California court: Apple Store workers must be paid while waiting for searches


The California Supreme Court says state law requires Apple to pay retail store employees for the time they spend waiting for bag searches at the end of a shift, the Los Angeles Times reports.

“We conclude that plaintiffs’ time spent on Apple’s premises waiting for, and undergoing, mandatory exit searches of bags, packages, or personal Apple technology devices, such as iPhones, voluntarily brought to work purely for personal convenience is compensable as ‘hours worked,’” Chief Justice Tani Cantil-Sakauye wrote in the court’s decision.
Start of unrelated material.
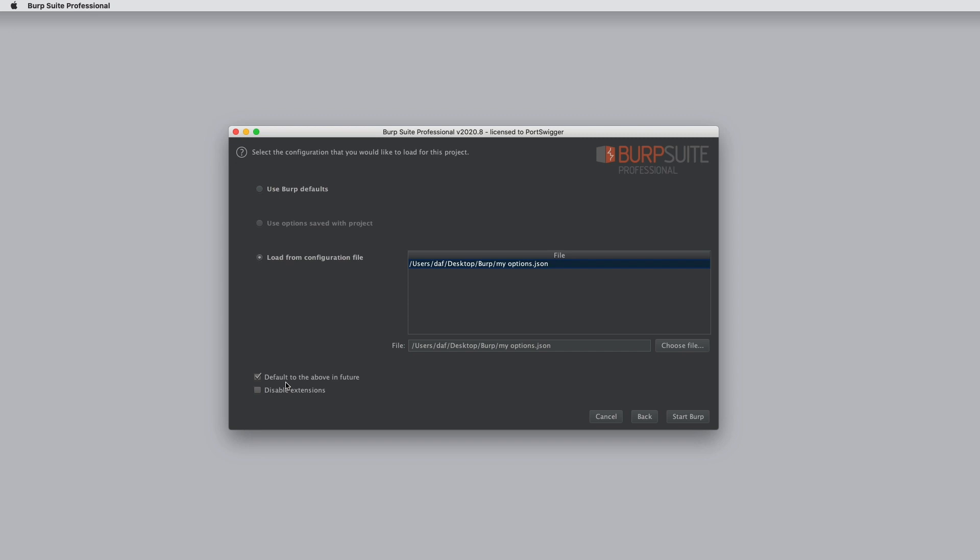So that's how project options work in Burp Suite, and how you can save and load your favorite options.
Apple’s policy requires retail store workers to submit to searches of their personal bags after clocking out but before leaving the store. The policy requires the manager conducting the search to “ask the employee to remove any type of item that Apple may sell” and verify serial numbers of an employee’s “personal technology.” The employees said that on busy days, they might end up waiting close to 45 minutes for a manager or security officer to be available to conduct the search, per the company rule. Apple has 52 retail stores in California.

Apple argued that store workers could choose not to bring bags or personal Apple devices — which it characterized as “optional” — to work and avoid the searches. The company argued that this policy benefited the employees being searched, which the court said was “far-fetched.”

“The irony and inconsistency of Apple’s argument must be noted. Its characterization of the iPhone as unnecessary for its own employees is directly at odds with its description of the iPhone as an ‘integrated and integral’ part of the lives of everyone else,” the court wrote.

A group of workers filed a class action lawsuit against the company, and the US Ninth Circuit Court of Appeals asked the state Supreme Court to determine whether California state law required the employees to be compensated for this waiting time.

The California Supreme Court decision is retroactive, and the case now returns to the Ninth Circuit for the judges to apply the interpretation, the LA Times explains. Apple did not respond to an email from The Verge seeking comment.